Esta debilidad fue percibida claramente por quien resultaría triunfador en toda esta compleja situación: Lenin. El líder bolchevique estaba convencido de la necesidad de insistir sobre ciertas exigencias básicas, como el fin de la guerra, el pan para los núcleos urbanos y la tierra para los campesinos. Por otra parte, como había planteado en las Tesis de abril, era necesario un régimen político distinto, no uno liberal o burgués: “No una república parlamentaria –volver a ella desde los sovietsde diputados obreros sería dar un paso atrás–, sino una república de los soviets de diputados obreros, braceros y campesinos en todo el país, de abajo arriba. Supresión de la policía, del ejército y de la burocracia”.

Lenin ocupaba su tiempo, además de pensar y planificar la acción política, en escribir algunos documentos fundamentales. Así comenzó a redactar El Estado y la revolución, que completaría al año siguiente. Más importante, para efectos prácticos, fueron las cartas que preparó para el Comité Central, en las cuales definía la necesidad de la acción. “Después de haber conquistado la mayoría en los sovietsde diputados obreros y soldados de ambas capitales, los bolcheviques pueden y deben tomar en sus manos el poder del Estado”, decía en una de ellas (“Los bolcheviques deben tomar el poder”, 12-14 de septiembre de 1917). En esto consideraba el apoyo de la mayoría del apoyo del pueblo, por lo cual el Partido debía decidir “el destino de la revolución”. Así, “se trata de conseguir que esta tarea sea clara para el Partido: plantear al orden del día la insurrección armada en Petrogrado y Moscú (comprendida la región), conquistar el poder, derribar el Gobierno. Hay que pensar en cómo hacer agitación en pro de esta tarea, sin expresarse así en la prensa. Recuerden y reflexionen sobre la palabras de Marx respecto a la insurrección: la insurrección es un arte’”.

En otro documento, titulado “Las tareas de la revolución”, insistía en algunos aspectos fundamentales: el poder para los soviets, la tierra para los que la trabajan, la lucha contra el hambre, y hacer frente a la contrarrevolución (de los terratenientes y capitalistas), además de la omnipresente demanda de paz a los pueblos.
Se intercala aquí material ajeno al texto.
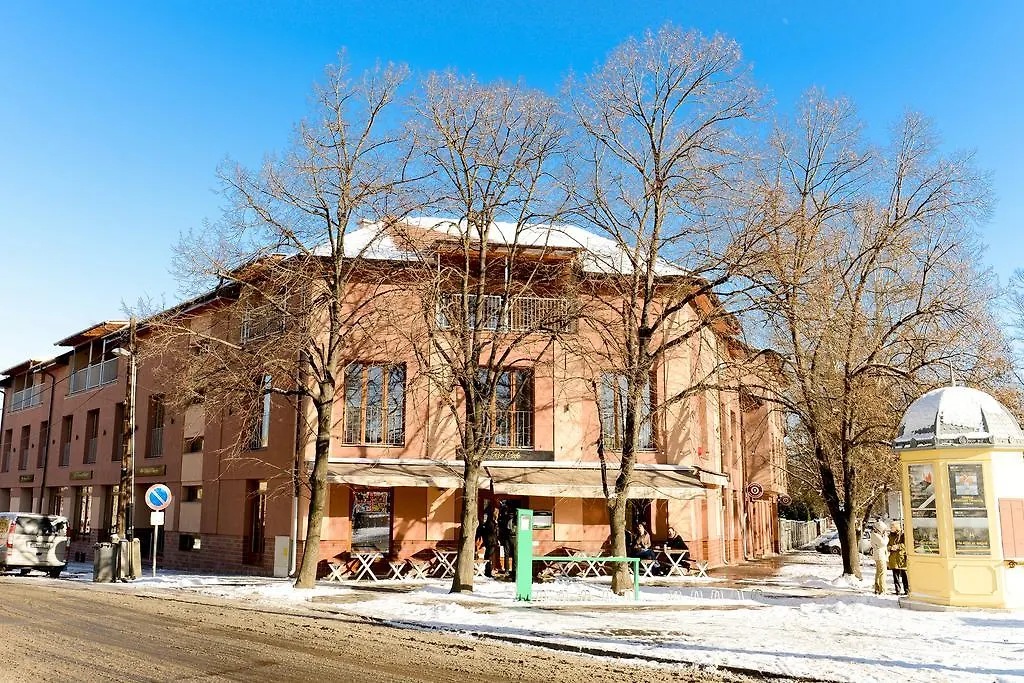 Maya Panzio-Rezidencia Szeged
Lenin recelaba de los indecisos y estimaba que debía enfrentarse el momento con determinación. En su caso, la clave estaba en la insurrección contra el gobierno provisional y la toma del poder, como aspecto principal del programa del Partido Bolchevique. Un aspecto notable es que, dentro de su mismo partido, las opiniones estaban divididas, y muchos eran más cautelosos y no compartían la urgencia leninista.

Sin embargo, como observa Robert Service, Lenin confiaba en que tendría apoyo popular. Ciertamente, también contaba con la resistencia que provocaría: había leído mucho sobre la Revolución Francesa y conocía el experimento por controlar el poder, el fracaso final, incluida la carnicería en la que desembocó. “No ponía objeciones al terror en sí”, pero estimaba que “no se debería andar en bromas con la guillotina”. Por otra parte, estaba convencido de que la elección de Rusia sería entre dos extremos: “una dictadura burguesa o una dictadura proletaria” (Lenin. Una biografía, Madrid, Siglo XXI Editores, 2001).

La historia mostraría, dentro de muy poco, que la dictadura triunfante sería la del propio Lenin. Modificaría la historia para siempre, con su secuela de ilusión y de terror.